É importante esta opinião de Leão XIV, que representa um poder espiritual independente dos poderes deste mundo e tem sido das pouquíssimas vozes independentes a pronunciar-se sobre os problemas do Médio Oriente, no meio de coros exaltados, muitas vezes cegos no seu maniqueísmo. 

Desde que voltou à Casa Branca, Trump tem tentado trazer realismo a uma política internacional que o seu antecessor baseou na ideologia e no empenho numa moribunda “ordem liberal internacional”. A “ordem liberal” que os neoconservadores, em Administrações republicanas e democráticas sucessivas, quiseram impôr através de conflitos, dos Balcãs ao Iraque e ao Afeganistão, e que teve, em geral, resultados desastrosos, quer para os interesses dos Estados Unidos quer, sobretudo, para os povos locais. 

Trump, no seu primeiro mandato, conseguiu impor os Acordos de Abraão, reaproximando israelitas e árabes. Neste regresso, com uma maior legitimidade popular e outra experiência em termos de equipas e projectos de governo, tem tentado reestabelecer a paz nos conflitos da Ucrânia e do Médio Oriente, por outros  caminhos que não, outrora, os de Biden e, agora, os de Macron – que, em agitação permanente, quer fazer a paz com afirmações belicistas e sem falar com as duas partes, recorrendo ao protagonismo internacional para mitigar o fracasso interno. 

Trump recebeu Putin, e perante a demora do Presidente russo, ameaçou um volte-face americano. E depois das últimas declarações de Trump sobre a Rússia e a guerra da Ucrânia, em que é que fica a tese propagada por conspiratórios ficcionistas e até por responsáveis políticos do “Trump activo russo” e chantageado por Moscovo? 

O plano de Trump para o Médio Oriente é realista. Pararam as fantasias da “Riviera palestiniana”. É na desmilitarização da zona, com a libertação pelo Hamas do resto dos reféns e a retirada em três fases do exército Israelita (IDF) para dar lugar a uma International Stabilization Force (ISF) que o plano incide. Na transição, Gaza deverá ser administrada por um  comité palestiniano “apolítico e tecnocrático”, que responderá perante um “International Board of Peace”, liderado por Trump e Tony Blair. Terminada a transição, o poder será entregue à Autoridade Palestiniana. 
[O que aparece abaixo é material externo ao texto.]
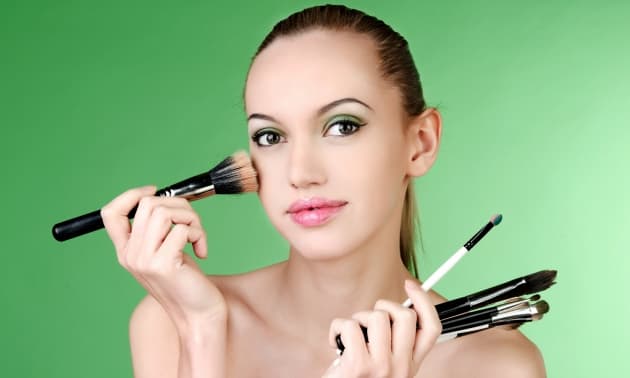 Errores al aplicar maquillaje y cómo corregirlos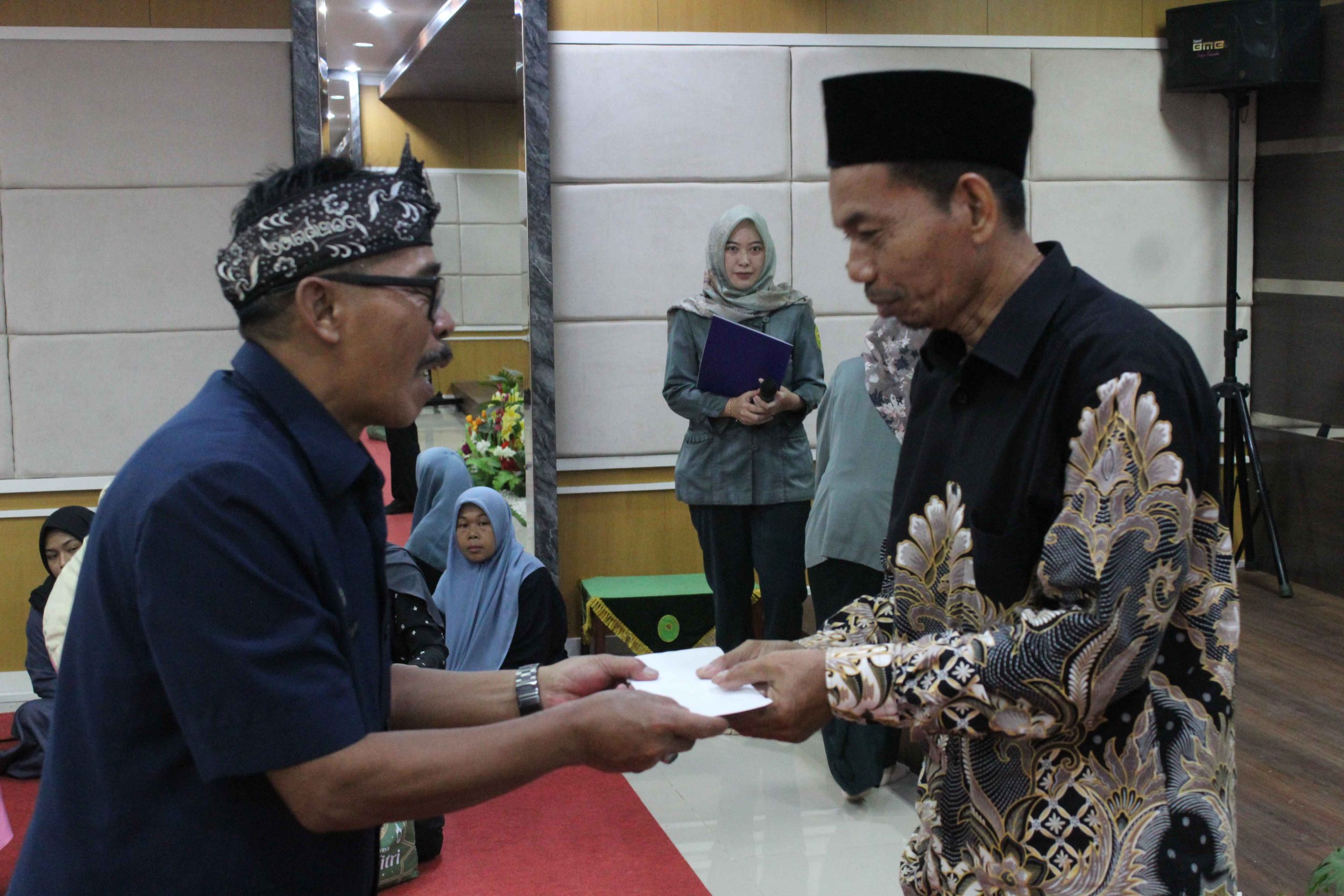 pembinaan rohani dan pemberian santunan 9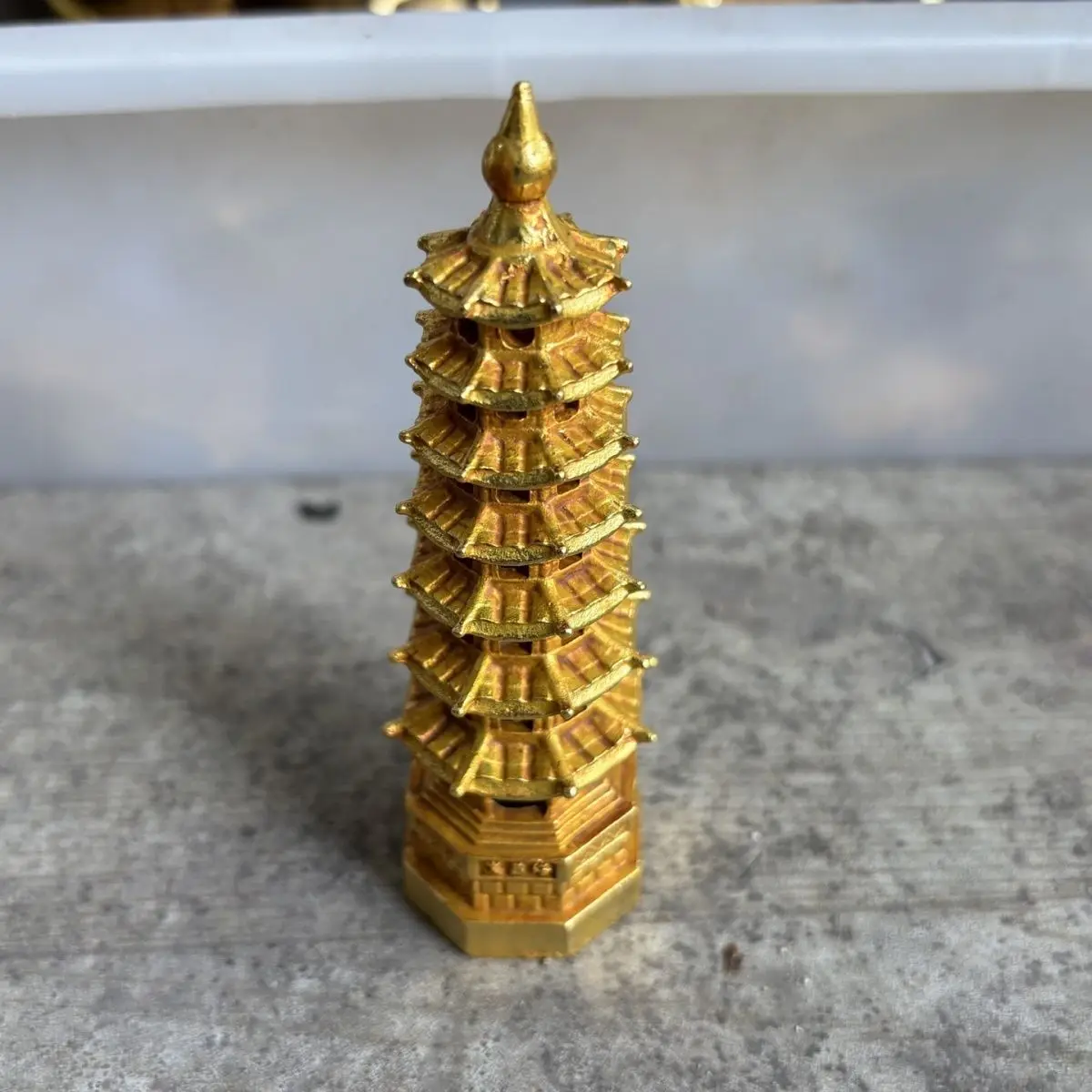 Medicine Buddha Pagoda Dharma Accessories Alloy Material Pagoda Torah Tianwang Pagoda Dharma Accessories Ornament
Medicine Buddha Pagoda Dharma Accessories Alloy Material Pagoda Torah Tianwang Pagoda Dharma Accessories Ornament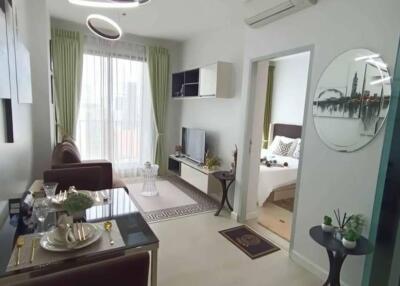 1-BR Condo at The Niche Pride Thong Lo-Phetchaburi in Bang Kapi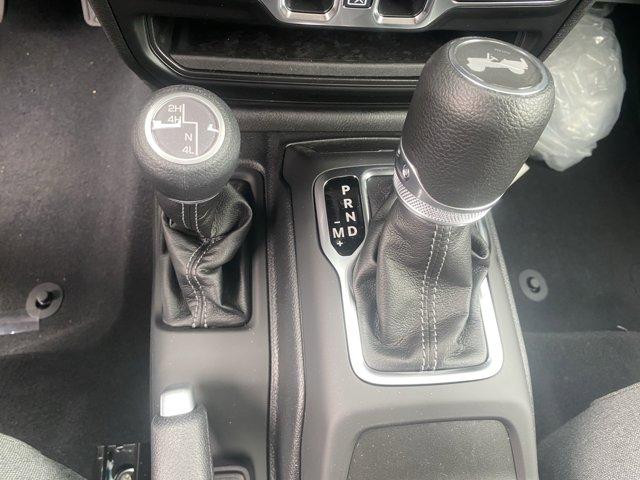 2025 Jeep Wrangler Vehicle Photo in Doylsetown, PA 18901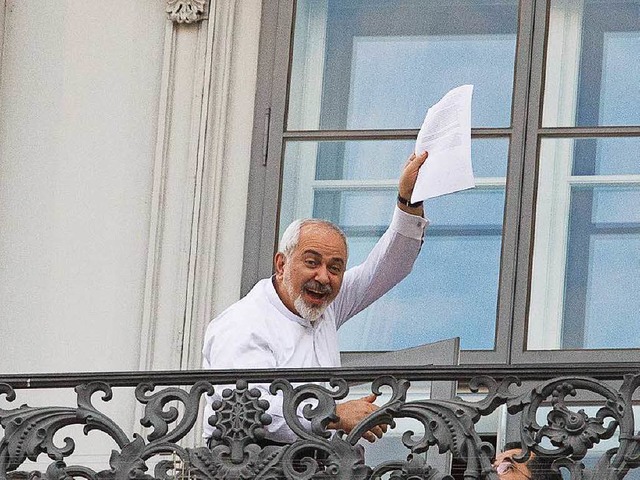 Irans Auenminister Mohammed Dschawad ...em Balkon des Coburg Palastes in Wien.  | Foto: dpa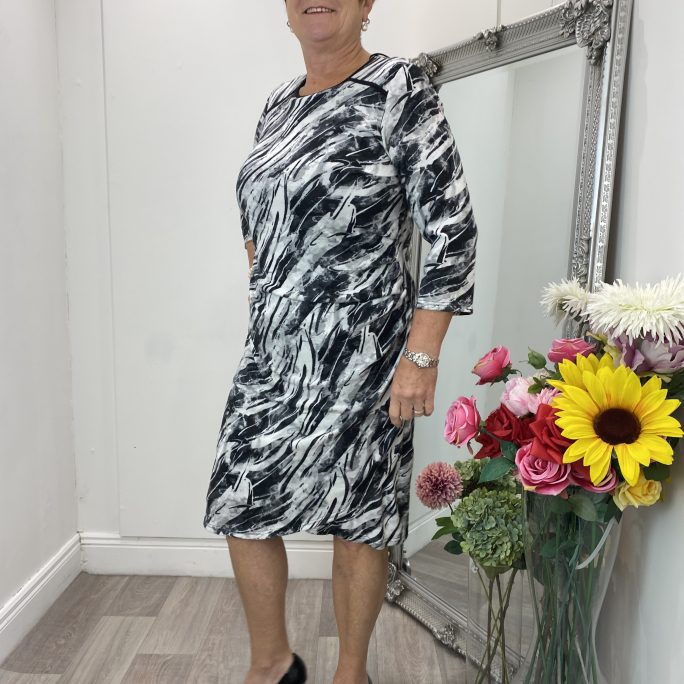 Flora Dress in grey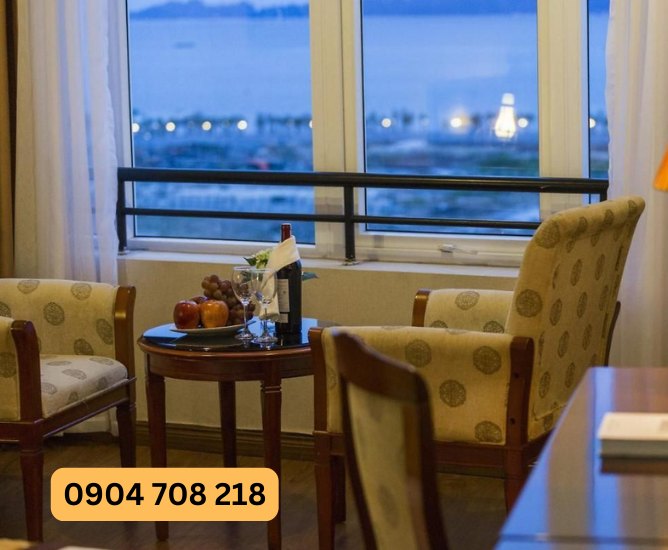 khách sạn pearl hạ long	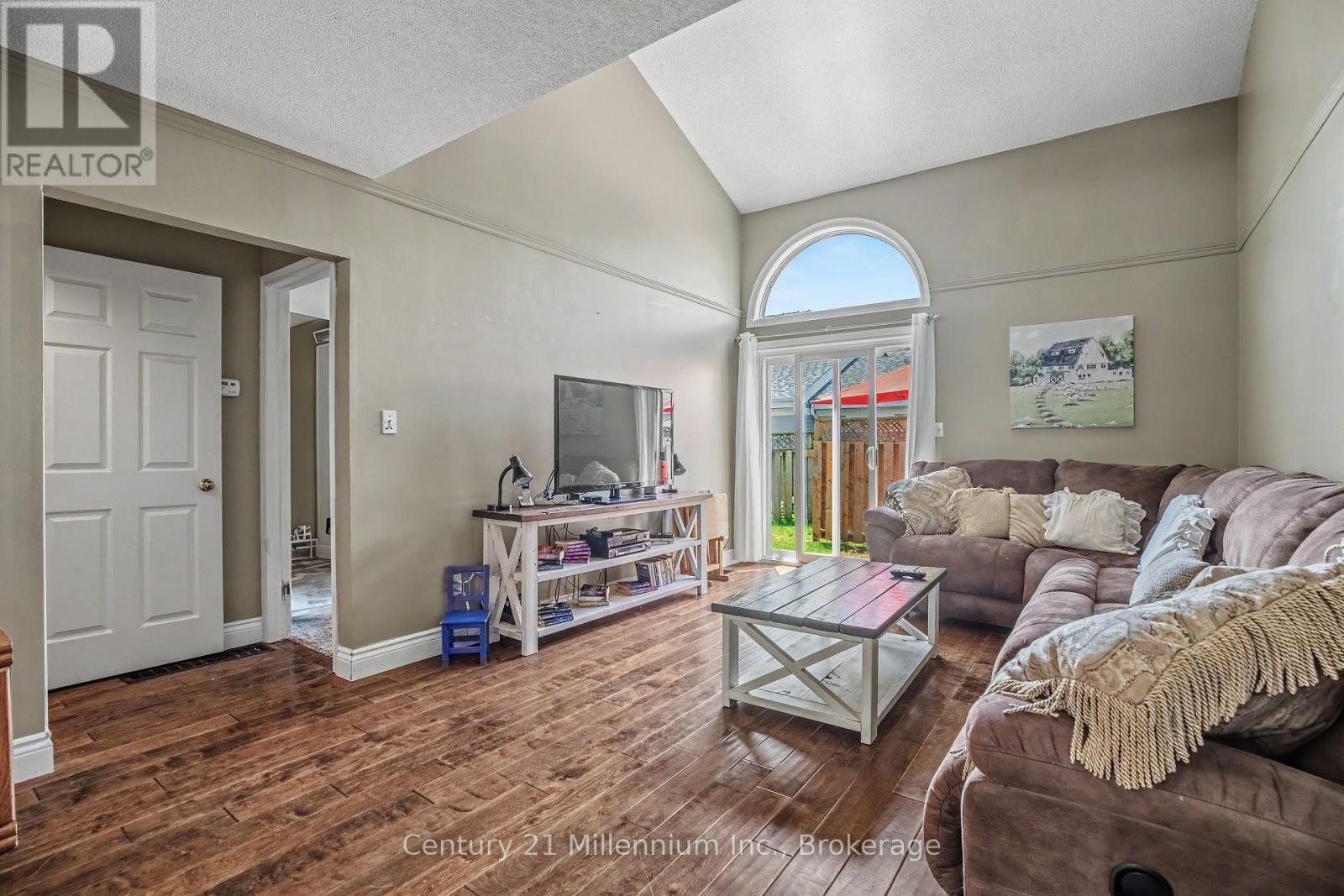 #19 874 ARLINGTON STREET - 16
A população de Gaza ficará em Gaza; os combatentes do Hamas serão amnistiados; logo que os 48 reféns sejam libertados, Israel compromete-se a libertar 250 prisioneiros palestinianos condenados a prisão perpétua e mais 1700, presos desde o princípio da guerra. 

O plano pode ser realista, mas não vai ser fácil de executar, uma vez que há radicais dos dois lados – no gabinete israelita, os fanáticos dos chamados partidos “religiosos”; no Hamas, os que vêem a rendição ao ultimato de Trump como uma humilhação para o movimento.  E para Andrew Day, do American Conservative, o próprio “Bibi”, por razões eleitorais, ainda o pode sabotar.  

Mas não deixa de ser um plano realista, até em termos de política interna americana, agora que, pela primeira vez, segundo uma sondagem do New York Times, há mais americanos pró-Palestina do que pró-Israel.